SIMULTANEOUS SOURCE DEBLENDING
Simultaneous source acquisition leads to overlapping records, or interference, that must be removed prior to subsequent processing. While conventional noise attenuation methods can partially attenuate simultaneous source interference by estimating the underlying signal, inversion based deblending offers the ability to jointly estimate the signal and interference.

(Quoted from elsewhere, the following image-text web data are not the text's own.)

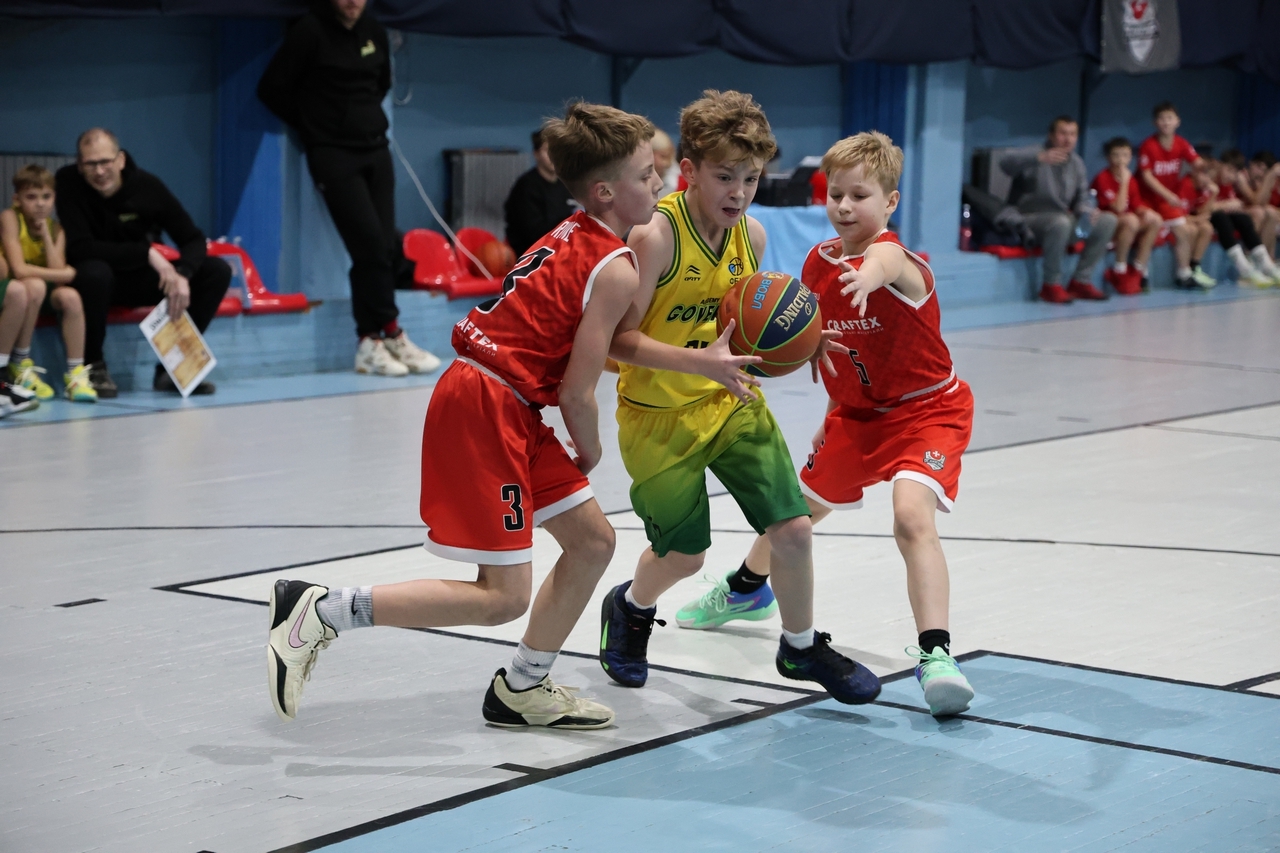 ВЮБЛ серед юнаків 2014 року: завершився перший етап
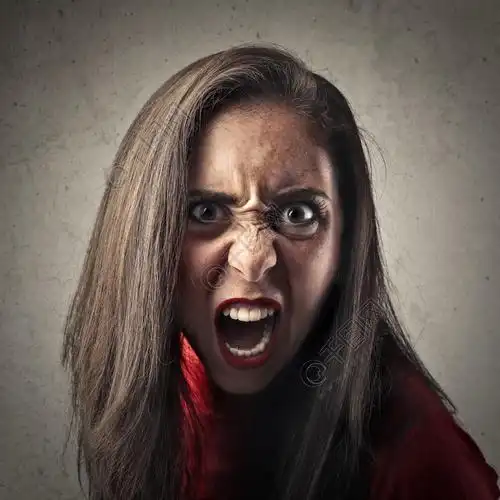 咆哮的愤怒的女人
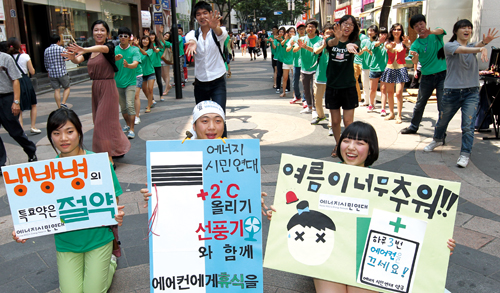 전력대란이 일어났던 지난해 여름 한 시민단체가 서울 명동 거리에서 냉방온도를 준수해 전력난도 해소하고 건강도 지키자는 내용의 플래시몹 퍼포먼스를 펼치고 있다.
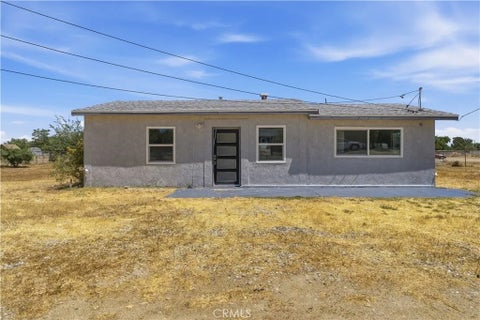 Photo of 10505 E Ave S6, Littlerock, CA 93543 (MLS # SR26132981)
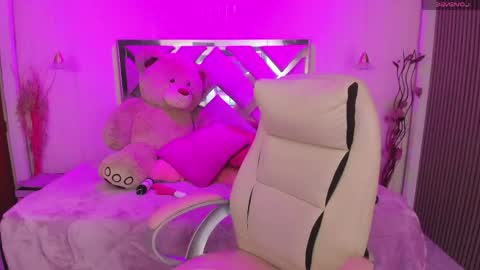 Snapshot of daliia_ chatting on 05-30-26, 03:53 Daliia online show from 05-30-26, 03:53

The goal of inversion based deblending is to find unblended shot records that match the observed data when passed to a blending operator. This can be expressed by
d = Γ m
where d are the observed data, Γ is a blending operator, and m are the unblended data. Because Γ compresses the data into a blended format, solving for m is an ill-posed inverse problem that requires additional constraints. To overcome this obstacle we require the solution to be laterally coherent and free from erratic amplitudes. These constraints exploit the incoherence of relative shooting times between adjacent traces to suppress interference.

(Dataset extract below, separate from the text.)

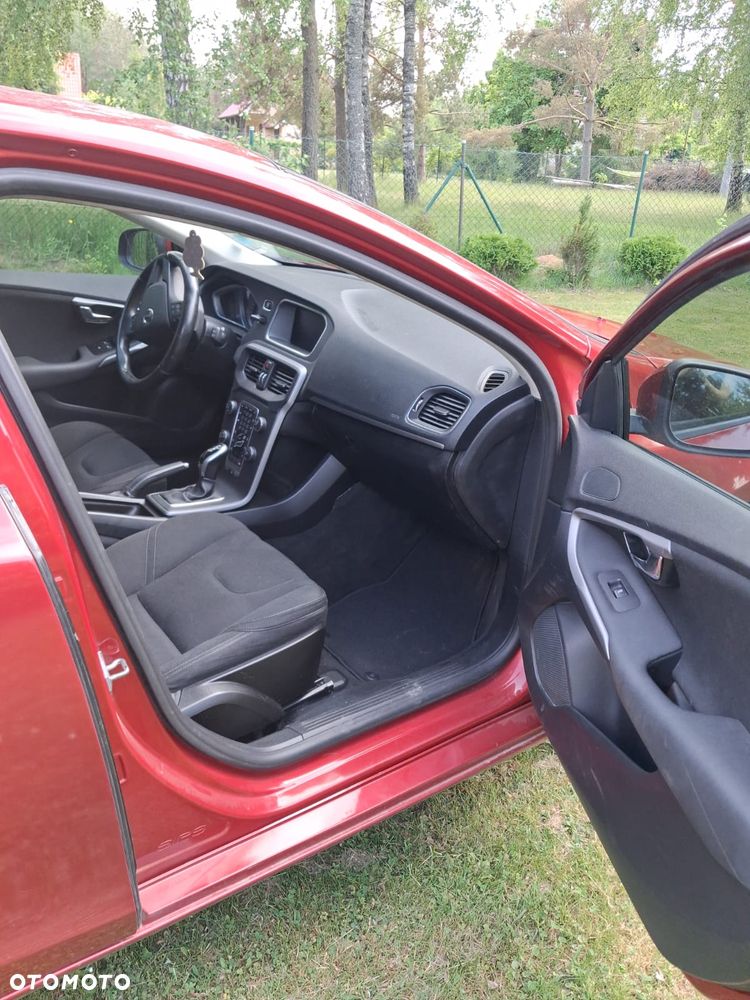 Volvo V40 D2 Geartronic Momentum - 12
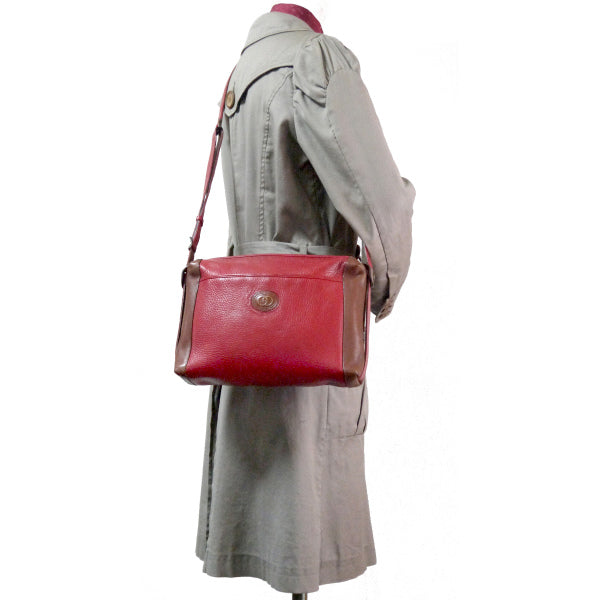 OLD Gucci 型押しバイカラーショルダー（赤/茶）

The coherence of simultaneous source interference is linked to the domain of observation. To illustrate, consider the blended shot record shown in Figure 1. Interference from a later shot is visible at the bottom of the record. Because the time of the interfering shot is constant between neighbouring traces the interference appears coherent. A common receiver gather from the same dataset is shown in Figure 2. Here the time of the interfering shot varies from trace to trace, making the interference appear incoherent.
Field data example
Figure 3a shows the colour coded shot times for a simultaneous source survey. Sources with similar shot times can potentially interfere with each other. Another way to visualize this interference is via the blend fold, calculated as the number of shots that occur within a specified time window surrounding each shot. Figure 3b shows the blend fold for this survey calculated on a +/- 5 second window. Many shots in the survey have a blend fold of one (no interference), while relatively few have a blend fold of three or higher.
The results of simultaneous source deblending are shown in Figure 4. The blended shot records in Figure 4a display interference from earlier and later shot times. The results after deblending (shown in Figure 4b) demonstrate that much of the interference has been attenuated, while the difference panel (shown in Figure 4c) demonstrates a high level of signal preservation.